1.4.2.6.3. Quantitative Output and Interpretation

1. Exploratory Data Analysis
1.4. EDA Case Studies
1.4.2. Case Studies
1.4.2.6. Filter Transmittance

1.4.2.6.3. Quantitative Output and Interpretation

As a first step in the analysis, common summary statistics are computed from the data.

      Sample size  = 50
      Mean         =  2.0019
      Median       =  2.0018
      Minimum      =  2.0013  
      Maximum      =  2.0027  
      Range        =  0.0014  
      Stan. Dev.   =  0.0004

Location

One way to quantify a change in location over time is to fit a straight line to the data using an index variable as the independent variable in the regression. For our data, we assume that data are in sequential run order and that the data were collected at equally spaced time intervals. In our regression, we use the index variable X = 1, 2, ..., N, where N is the number of observations. If there is no significant drift in the location over time, the slope parameter should be zero.

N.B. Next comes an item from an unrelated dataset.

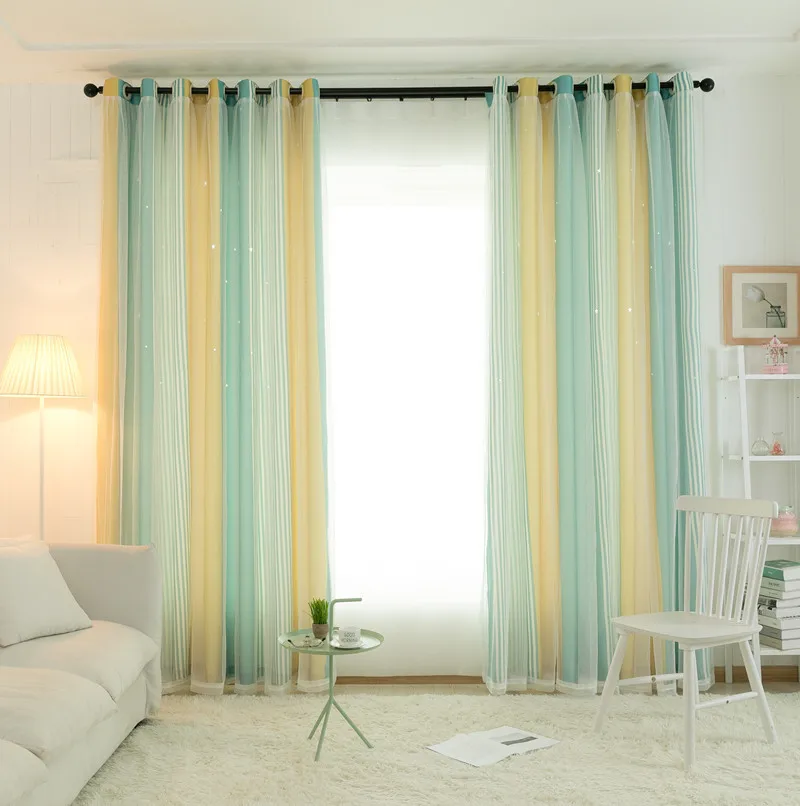 

Nordic Style Curtains for Bedroom Color Stripe Hollow Star Curtain High Precision Hollow Printed Curtain for living room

      Coefficient     Estimate     Stan. Error      t-Value
          B₀           2.00138      0.9695E-04   0.2064E+05
          B₁         0.185E-04      0.3309E-05        5.582
 
      Residual Standard Deviation = 0.3376404E-03
      Residual Degrees of Freedom = 48

The slope parameter, B₁, has a t value of 5.582, which is statistically significant. Although the estimated slope, 0.185E-04, is nearly zero, the range of data (2.0013 to 2.0027) is also very small. In this case, we conclude that there is drift in location, although it is relatively small.

Variation

One simple way to detect a change in variation is with a Bartlett test after dividing the data set into several equal sized intervals. However, the Bartlett test is not robust for non-normality. Since the normality assumption is questionable for these data, we use the alternative Levene test. In particular, we use the Levene test based on the median rather the mean. The choice of the number of intervals is somewhat arbitrary, although values of four or eight are reasonable. We will divide our data into four intervals.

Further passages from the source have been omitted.